Die türkische Militäroffensive hat die Realitäten vor Ort verändert. Das sollte Anlass sein um die eigene Politik zu überdenken. Auch wenn der Vorschlag der Verteidigungsministerin zu spät kommt, brauchen wir ein nachhaltiges Konzept für eine syrische Nachkriegsordnung. Dabei gilt es sich ernsthaft die Frage zu stellen wie Deutschland oder besser gesagt Europa sich bei einem Wiederaufbau einbringen könnte. Ein Wiederaufbau der die Menschen, die Opfer des Krieges schützt, und nicht das syrische Regime und dessen Schutzmächte Russland und Iran bereichert. 

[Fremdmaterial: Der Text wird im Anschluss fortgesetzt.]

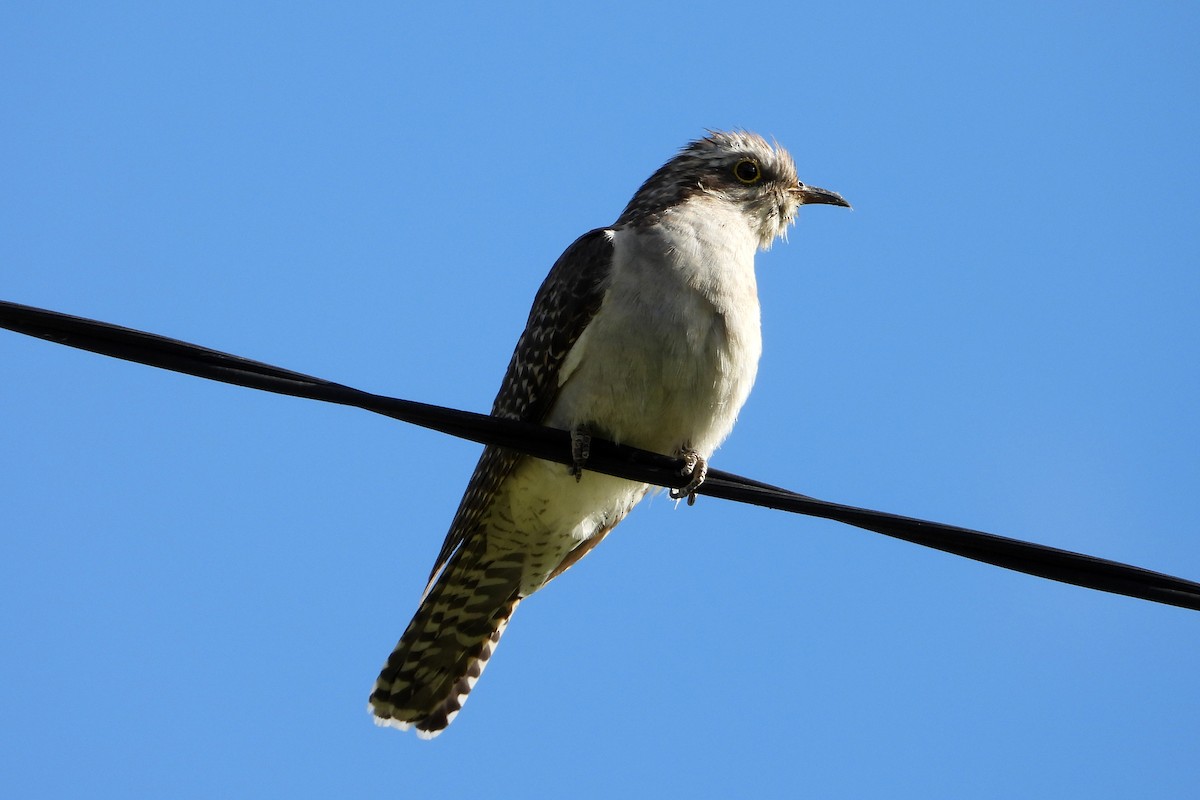 Pallid Cuckoo - ML646201702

In der verbleibenden Zeit im UN-Sicherheitsrat muss die Bundesregierung sich für einen politischen Prozess in Syrien einsetzen. Das Treffen des Verfassungskomitees in Genf war ein erster wichtiger Schritt. Dennoch macht das Assad-Regime keine Anstalten dafür, seinen bisherigen Kurs zu ändern. Ohne einen nachhaltigen Friedens- und Verfassungsprozess und ohne Einhaltung von Menschenrechten, wird es in Syrien keinen dauerhaften Frieden geben. 

Auch die Rolle des Iran sollten wir immer wieder kritisch hinterfragen. Die Außenpolitik Teherans ist in der gesamten Region spürbar. Die Menschen im Irak und im Libanon demonstrieren in erster Linie gegen ihre korrupten Regierungen aber gleichzeitig gegen den zunehmendenEinfluss der iranischen Politik.

Die Bundesregierung und die E3 Staaten müssen gegen über Teherans deutlich machen, dass  jeder weitere Bruch des Atomabkommens nicht hinnehmbar ist und eine klare rote Linie aufzeigen. 

Auch die militärische Präsenz des Iran in Syrien stellt nach wie vor ein enormes Eskalationspotenzial und eine erhebliche Gefahr für Israel dar. Der einzigen Demokratie in dieser Region. Und die Ereignisse der letzten Tage, haben gezeigt dass die Menschen in Israel noch immer nicht in Frieden leben können. Für die deutsche Außenpolitik sind die Sicherheit und das Existenzrecht des Staates Israel nicht verhandelbar und dafür werden wir als FDP uns immer einsetzen.

Die Bundesregierung muss, was den Nahen und Mittleren Osten angeht, endlich mit nachhaltigen Strategien und einer werteorientierten Außenpolitik selbstbewusst auftreten. Nur so können wir Lösungen auf die vielen Fragen und Konflikte dieser Region finden. Und wir dürfen nicht aufhören, uns für Personen, Gruppen oder Bewegungen in der Region einzusetzen, die für Menschenrechte und Bürgerrechte eintreten. Denn diese Werte sind universell und unteilbar.